= Robert Gigi =

French cartoonist and archivist

Robert Gigi (29 July 1926 – 3 February 2007) was a French cartoonist, illustrator and archivist.

==Biography==
Gigi was born in Besançon. He began working in the art studio of Raymond Poïvet while a student. He created his first comic in 1948, calling himself Bob Gigi. Gigi worked for the Paris-Graphic press agency, which was also known as Fabiola.

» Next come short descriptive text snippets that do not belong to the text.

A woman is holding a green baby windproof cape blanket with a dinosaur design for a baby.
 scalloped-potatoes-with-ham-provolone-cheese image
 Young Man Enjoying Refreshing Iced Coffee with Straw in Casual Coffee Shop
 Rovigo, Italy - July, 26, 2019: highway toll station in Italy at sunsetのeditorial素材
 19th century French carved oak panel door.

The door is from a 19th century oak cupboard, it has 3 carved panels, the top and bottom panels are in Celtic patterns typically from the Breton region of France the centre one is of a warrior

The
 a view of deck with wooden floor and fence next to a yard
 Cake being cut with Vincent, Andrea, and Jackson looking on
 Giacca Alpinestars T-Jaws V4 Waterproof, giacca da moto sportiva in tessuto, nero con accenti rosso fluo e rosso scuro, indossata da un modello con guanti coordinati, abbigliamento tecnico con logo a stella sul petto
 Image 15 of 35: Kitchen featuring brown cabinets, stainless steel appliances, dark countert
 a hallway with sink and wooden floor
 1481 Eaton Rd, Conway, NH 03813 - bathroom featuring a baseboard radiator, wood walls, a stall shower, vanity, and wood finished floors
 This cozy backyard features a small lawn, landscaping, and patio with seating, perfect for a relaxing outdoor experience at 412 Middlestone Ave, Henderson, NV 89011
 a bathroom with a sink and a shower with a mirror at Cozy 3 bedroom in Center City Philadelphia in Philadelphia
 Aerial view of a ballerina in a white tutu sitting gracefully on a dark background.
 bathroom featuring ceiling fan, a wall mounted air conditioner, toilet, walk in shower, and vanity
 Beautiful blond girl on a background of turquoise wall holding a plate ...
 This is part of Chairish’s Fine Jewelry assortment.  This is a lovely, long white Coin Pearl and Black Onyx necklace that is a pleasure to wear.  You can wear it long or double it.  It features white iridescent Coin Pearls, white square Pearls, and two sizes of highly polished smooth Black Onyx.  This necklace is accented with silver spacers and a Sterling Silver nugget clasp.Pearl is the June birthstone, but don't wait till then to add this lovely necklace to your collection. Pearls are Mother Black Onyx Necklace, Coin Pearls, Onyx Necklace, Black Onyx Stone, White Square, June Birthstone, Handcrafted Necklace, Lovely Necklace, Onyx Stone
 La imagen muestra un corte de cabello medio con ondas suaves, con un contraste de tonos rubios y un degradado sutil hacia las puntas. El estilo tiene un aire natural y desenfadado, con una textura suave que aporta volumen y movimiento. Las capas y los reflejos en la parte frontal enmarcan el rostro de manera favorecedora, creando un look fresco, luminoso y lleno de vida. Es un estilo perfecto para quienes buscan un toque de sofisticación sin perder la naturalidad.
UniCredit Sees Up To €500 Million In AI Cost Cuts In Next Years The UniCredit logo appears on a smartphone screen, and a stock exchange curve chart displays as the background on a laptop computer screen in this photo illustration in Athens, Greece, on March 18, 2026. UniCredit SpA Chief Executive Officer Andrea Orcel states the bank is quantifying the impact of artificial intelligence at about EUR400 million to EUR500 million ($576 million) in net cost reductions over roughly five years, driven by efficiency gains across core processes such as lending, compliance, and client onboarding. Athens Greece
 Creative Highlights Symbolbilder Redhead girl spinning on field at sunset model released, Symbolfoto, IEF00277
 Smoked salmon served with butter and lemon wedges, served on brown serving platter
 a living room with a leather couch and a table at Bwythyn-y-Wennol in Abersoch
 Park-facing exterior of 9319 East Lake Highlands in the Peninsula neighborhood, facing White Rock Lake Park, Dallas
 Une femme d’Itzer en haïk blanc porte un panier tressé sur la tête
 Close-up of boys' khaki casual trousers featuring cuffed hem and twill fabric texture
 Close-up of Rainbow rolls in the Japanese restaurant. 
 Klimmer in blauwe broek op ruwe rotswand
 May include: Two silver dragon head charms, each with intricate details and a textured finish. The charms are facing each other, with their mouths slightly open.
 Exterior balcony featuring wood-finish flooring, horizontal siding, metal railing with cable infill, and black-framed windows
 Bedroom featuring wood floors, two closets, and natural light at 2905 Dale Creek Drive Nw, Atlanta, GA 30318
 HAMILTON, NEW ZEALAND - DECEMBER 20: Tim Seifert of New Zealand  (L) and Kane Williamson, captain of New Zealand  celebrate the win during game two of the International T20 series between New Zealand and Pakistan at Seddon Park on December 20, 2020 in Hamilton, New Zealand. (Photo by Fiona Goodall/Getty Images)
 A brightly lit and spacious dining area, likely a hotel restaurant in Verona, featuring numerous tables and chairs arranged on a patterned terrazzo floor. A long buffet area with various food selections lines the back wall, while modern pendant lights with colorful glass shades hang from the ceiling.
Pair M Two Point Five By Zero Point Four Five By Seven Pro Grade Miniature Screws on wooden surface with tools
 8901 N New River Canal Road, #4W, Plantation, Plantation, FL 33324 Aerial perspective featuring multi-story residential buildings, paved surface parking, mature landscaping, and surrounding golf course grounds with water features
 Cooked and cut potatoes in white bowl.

He also worked for the magazines L'Aurore and Les Aventuriers d'Aujourd'hui.

Gigi eventually joined the Société Parisienne d'Édition (SPE) in 1951, remaining until 1980. When he was a part of the Société, his works were published in L'Épatant, Fillette, and Pschitt Adventures. In 1967 Éric Losfeld published his controversial erotic adventure comic Scarlett Dream, a book that shares a lot of similarities with Jean-Claude Forests Barbarella comic book. Gigi started a fantasy series in 1970 called Agar, which was published in Il Corrieri dei Ragazzi. He began to work as a comics teacher at the School of Fine Arts in Angoulême in the 1980s.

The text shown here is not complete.